You could fake it with a class which behaves like somethingfake:
try:
from somefakepackage.morefakestuff import somethingfake
except ImportError:
class somethingfake(object):
# define what you'd expect of somethingfake, e.g.:
#staticmethod
def somefunc():
...
somefield = ...
TL;DR
Patch sys.modules using unittest.mock:
mock.patch.dict(
sys.modules,
{'somefakepackage': mock.Mock()},
)
Explanation
Other answers correctly recommend to fix sys.modules but a proper way to do it is by patching it using mock.patch. Meaning replacing it temporarily (only for when tests are run) with a fake object that optionally imitates the desired behaviour. And restoring it back once tests are finished to not affect other test cases.

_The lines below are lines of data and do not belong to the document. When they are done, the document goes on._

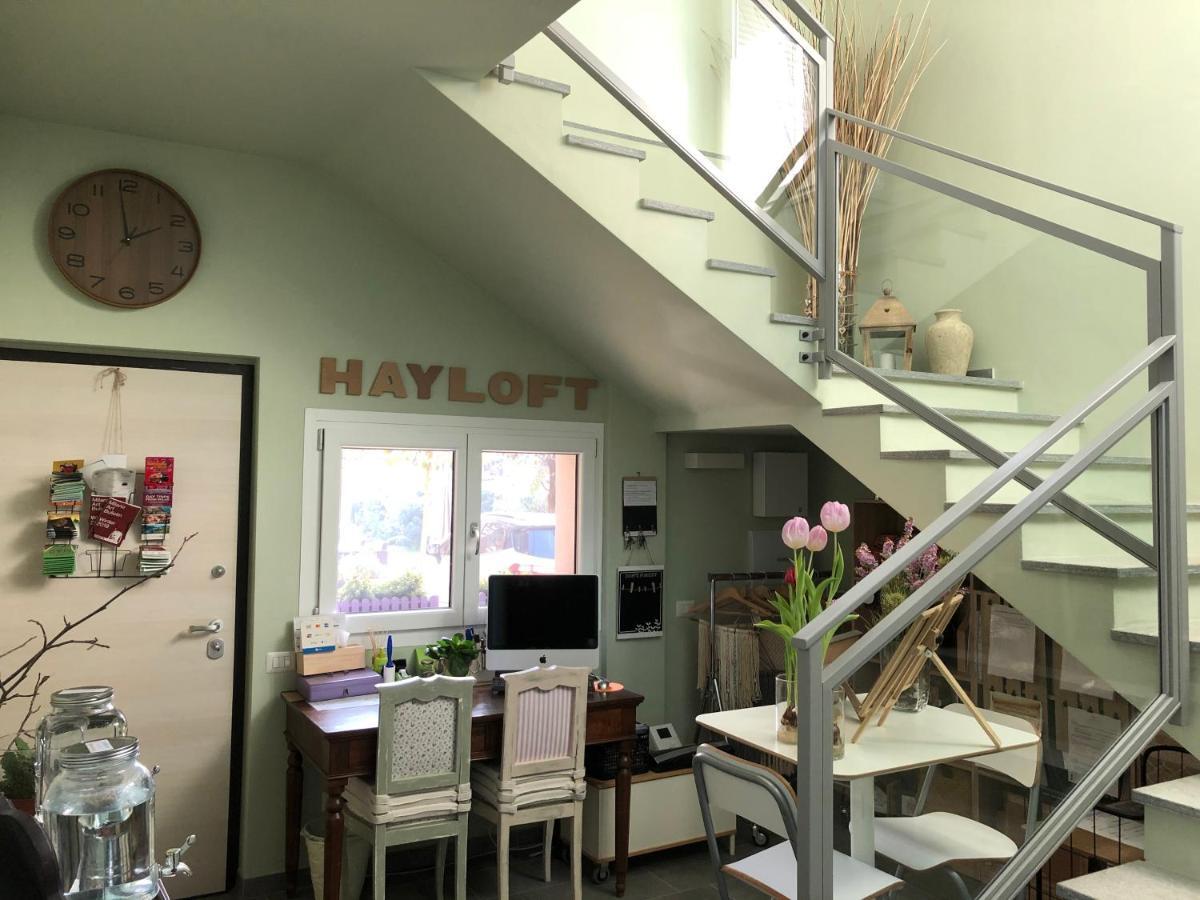 Hayloft Bed and Breakfast Cornaredo Exteriör bild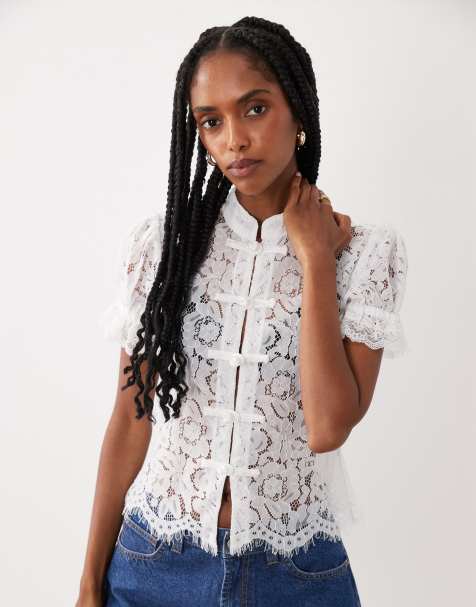 Miss Selfridge – Spetstopp med hög krage och knäppning - view 1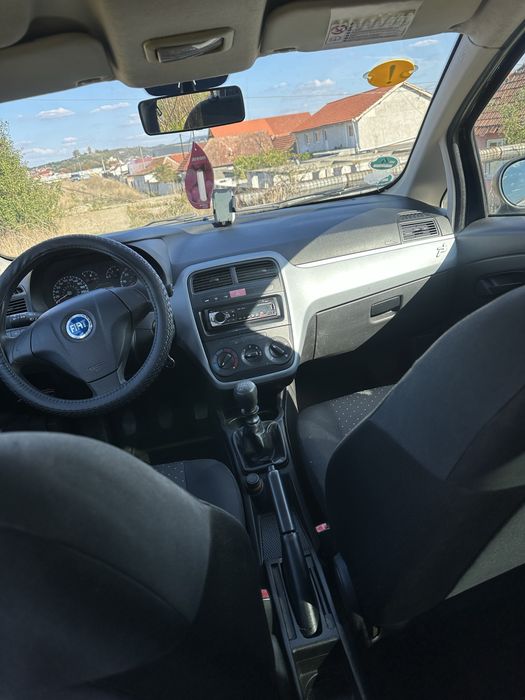 Fiat  punto ……..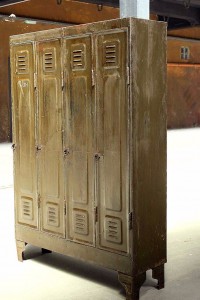 vintage spind, vintage schrank, vintage industriespind, industriedesign, arztschrank, industrie design, shabby chic, fabrik spind, abgebeizter spind, metalspind vintage, vintage metallspink, vintage metallschrank, vintage metall schrank, works berlin, industriemöbel berlin, möbel im industriedeign berlin, loftdesign, industrielook, worksberlin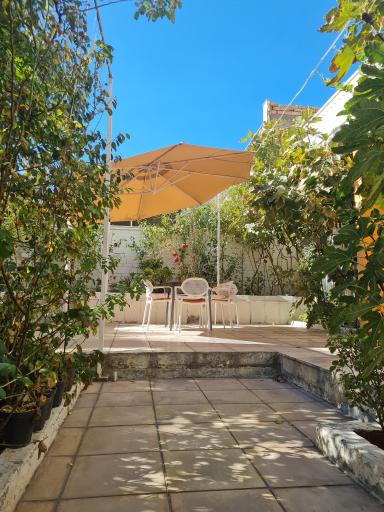 عکس کافه حس شیرین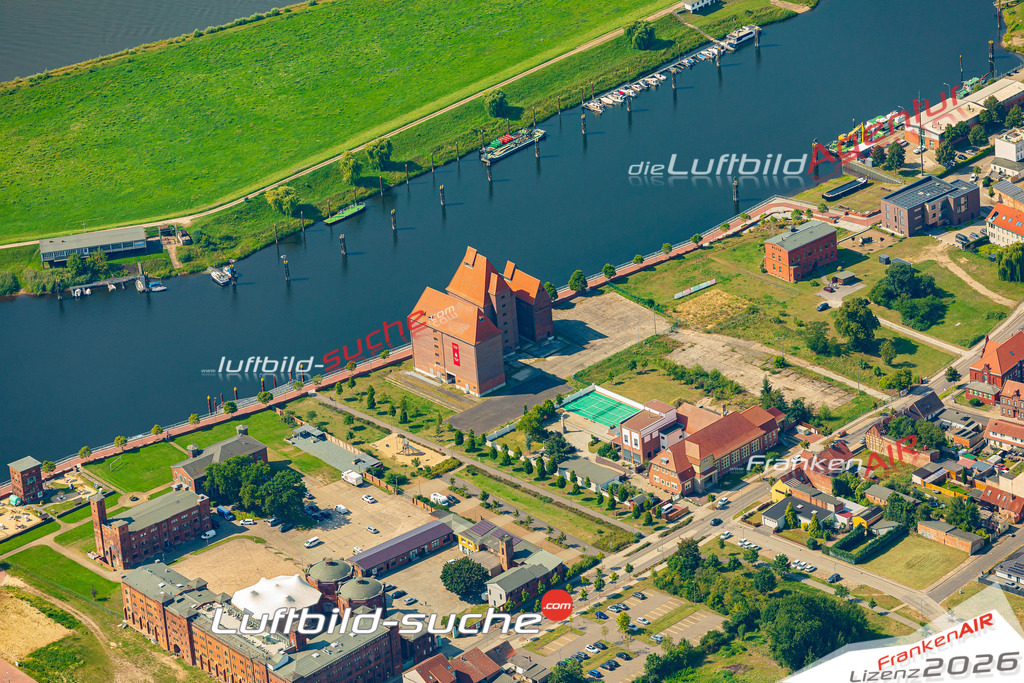 historische Speicher Wittenberge Bild- Das Luftbild wurde 2025 vom UL-Flugzeug heraus erstellt ( keine Drohne bzw. Drohnenaufnahme ) - Hochauflösende Luftaufnahme -Nicht vergleichbar mit Google Maps oder Satelittenbilder- Die Geschenkidee !Mit Lizenz und Bildrechte bestellbar - CC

The code in TL;DR section will simply make your missing package not raise ImportError. To provide fake package with contents and imitate desired behaviour, initiate mock.Mock(…) with proper arguments (e.g. add attributes via Mock's **kwargs).
Full code example
The code below temporarily patches sys.modules so that it includes somefakepackage and makes it importable from the dependent modules without ImportError.
import sys
import unittest
from unittest import mock
class SomeTestCase(unittest.TestCase):
def test_smth(self):
# implement your testing logic, for example:
self.assertEqual(
123,
somefakepackage_dependent.some_func(),
)
#classmethod
def setUpClass(cls): # called once before all the tests
# define what to patch sys.modules with
cls._modules_patcher = mock.patch.dict(
sys.modules,
{'somefakepackage': mock.Mock()},
)
# actually patch it
cls._modules_patcher.start()
# make the package globally visible and import it,
# just like if you have imported it in a usual way
# placing import statement at the top of the file,
# but relying on a patched dependency
global somefakepackage_dependent
import somefakepackage_dependent
#classmethod # called once after all tests
def tearDownClass(cls):
# restore initial sys.modules state back
cls._modules_patcher.stop()
To read more about setUpClass/tearDownClass methods, see unittest docs.
unittest's built-in mock subpackage is actually a very powerful tool. Better dive deeper into its documentation to get a better understanding.